Financial Industry
There appears to be a disjointed understanding concerning the functioning of a capitalistic economy and its use of money. Financializaition is a mostly new model of the use of money as a valuable resource in and of itself. Money is essentially fetishized as the most prominent capitalists strive to gain more and more money. Money makes the world go around in many ways, but there lies a question in to how humanity uses the precious inventions of trade and commerce in more reasonable and just manner that excludes the negative aspects that financial institutions and their machinations attempt to dominate the economic progress of a people.
The purpose of this essay is to argue that financializaition and its offspring intermediaries have set the capitalistic world balance off a productive trajectory. The greed of those who seek value in material wealth without any real or substantial backing is at the heart of this issue as this essay will argue that without a better understanding of how money works or is created, the trends towards to financializaition will also be marginalized at perhaps a great price.
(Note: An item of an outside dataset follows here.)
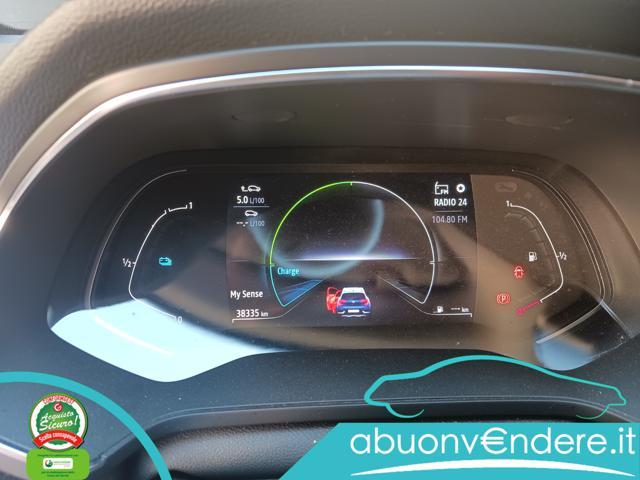 RENAULT Captur Full Hybrid E-Tech 145 CV Intens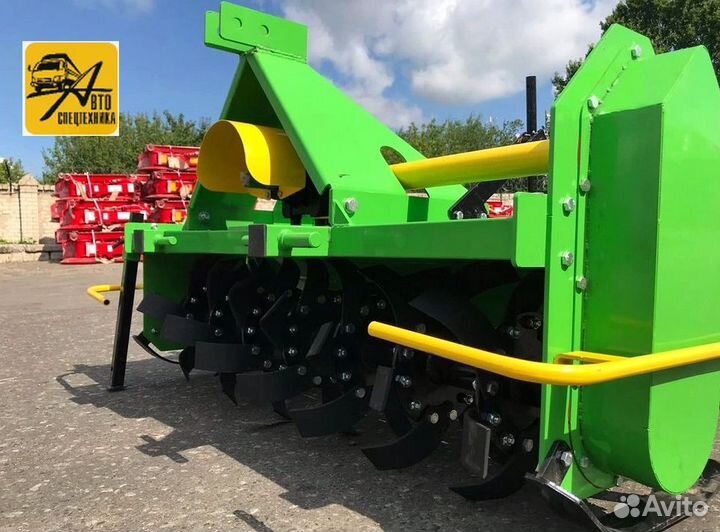 Почвофреза Kerland K1600, 2023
This essay will discuss the process of the creation of money using the American Dollar as an example of how financializaition is ultimately based on no real tangible backing or asset. Using this argument as a premise this essay will continue to argue that the offspring of the banking systems that have been created has provided the root cause to the problematic effects that financializaition appears to have on the world's economy and the state of the human race as it seeks to peacefully coexist and conduct commercial activity without the unnecessary conflicts that are often residual from financial institutions that supposedly have a lock hold on the way the world operates and conducts business.
Background
There is less secrecy regarding the power structures of the world, and it appears that financial institutions certainly play a very large role in the powering of this planet and has its hands in many human endeavors. Pike and Pollard (2009) explicitly agreed with this idea when they wrote "financializaition -- shorthand for the growing influence of capital markets, their intermediaries, and processes in contemporary economic and political life -- generates an analytical opportunity and political economic imperative to move finance into the heart of economic geographic analysis. Drawing upon long-standing concerns about the relatively marginal location of finance in economic geography, we emphasize the integral role of finance in connecting the entangled geographies of the economic to the social, the cultural, and the political."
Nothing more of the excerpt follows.